I preparativi per la partenza erano stati tutt’altro che avventati e sbrigativi. Suo padre le aveva insegnato a ponderare ogni singolo dettaglio del viaggio, per non correre il rischio di ritrovarsi in situazioni che con un po’ di previdenza avrebbe potuto evitare. Così la Jole aveva predisposto tutto con cura e attenzione fin dalla settimana precedente la partenza, senza lasciare nulla al caso.

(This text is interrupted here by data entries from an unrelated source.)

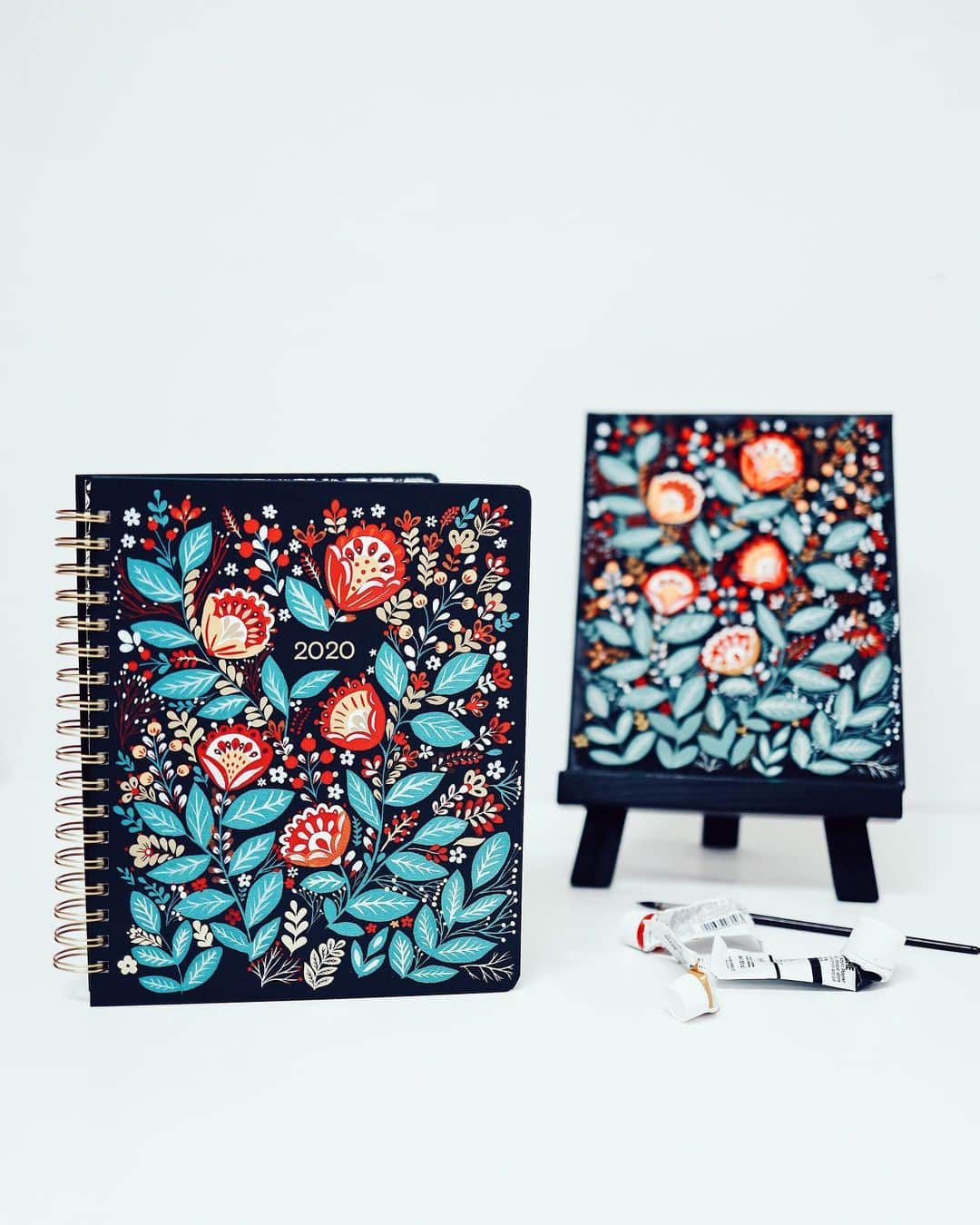Dinara Mirtalipovaのインスタグラム：「Can you believe it’s time for 2020 planners?! I’m busy today shooting this High Note Collection that includes a large hard cover planner, medium hard cover planner, soft cover planner, non-dated organizer and a wall calendar. I’m so happy with how all of them turned out, the quality of the books, gold foil details and the paper stock is absolutely superb. Big thanks to the team of @sellerspublishing for making it just right ❤️. This collection will be available on my website later this week. If you need them sooner please know the collection is available on Amazon (in the search bar just look up ‘dinara mirtalipova’). And if you are a boutique owner and wish to place a wholesale order - please contact @sellerspublishing  #highnotecollection #2020planners #mirdinaraplanners #mirdinara #dinaramirtalipova」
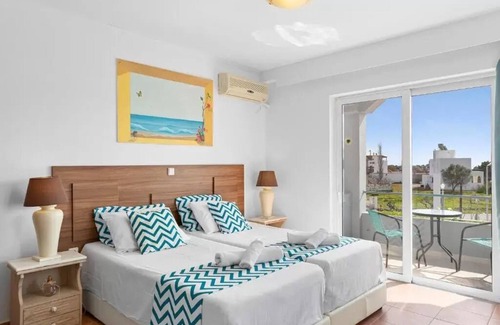 Haraki Bed & Breakfast | Cozy Double Room Ideal for Families with Kids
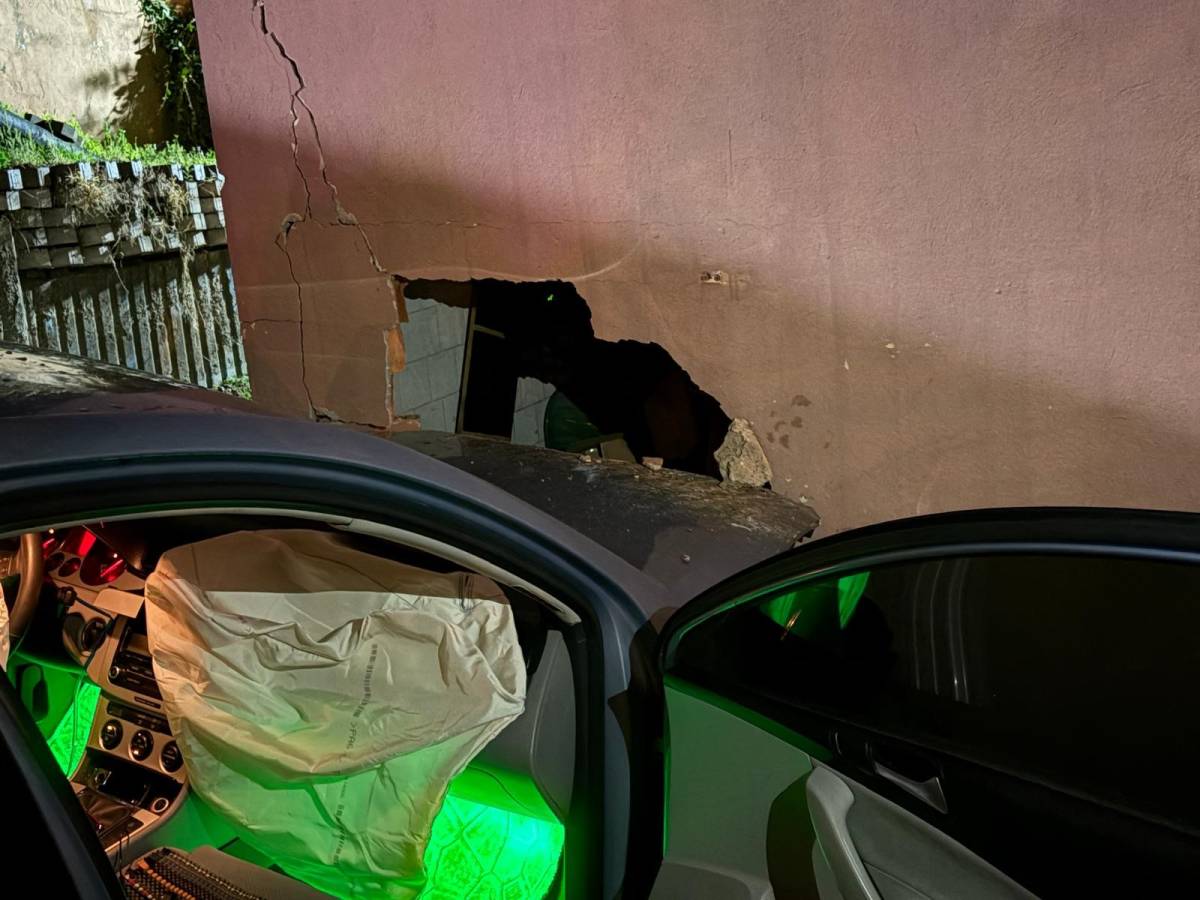 OTOMOBİL DEPO DUVARINA ÇARPTI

Aveva fatto una minuziosa ricognizione della quantità di tabacco da recuperare dai vari nascondigli disseminati qua e là, l’aveva pesato, si era procurata l’acqua, aveva allestito e preparato tutte le sacche e le custodie dove nascondere il tabacco durante il viaggio, fatto riposare e rifocillato Sansone più del solito, confezionato tocchi di formaggio Morlacco, Bastardo e sopressa in spessi fogli di carta, avvolto fagioli secchi e patate in sacchetti di juta, risistemato gli stivali, recuperato una coperta pesante, uno zaino, un paio di corde, una grande borraccia di acciaio, un telo di canapa grezza e una lanterna. Aveva nascosto gli ottanta chili di tabacco in foglie, polvere e trinciato, una parte tra le cose che aveva caricato ai fianchi di Sansone, il resto tra i suoi stessi vestiti. Infine era andata nella stalla, aveva aperto la vecchia cassa in legno di rovere e aveva preso San Paolo, il Werndl-Holub rimasto orfano dell’altro.
Aveva imparato a sparare durante l’anno del suo primo viaggio. Era stato suo padre a insegnarle a tirare con lo schioppo, con quel San Pietro che portava sempre con sé durante il contrabbando e che era sparito insieme a lui e al mulo.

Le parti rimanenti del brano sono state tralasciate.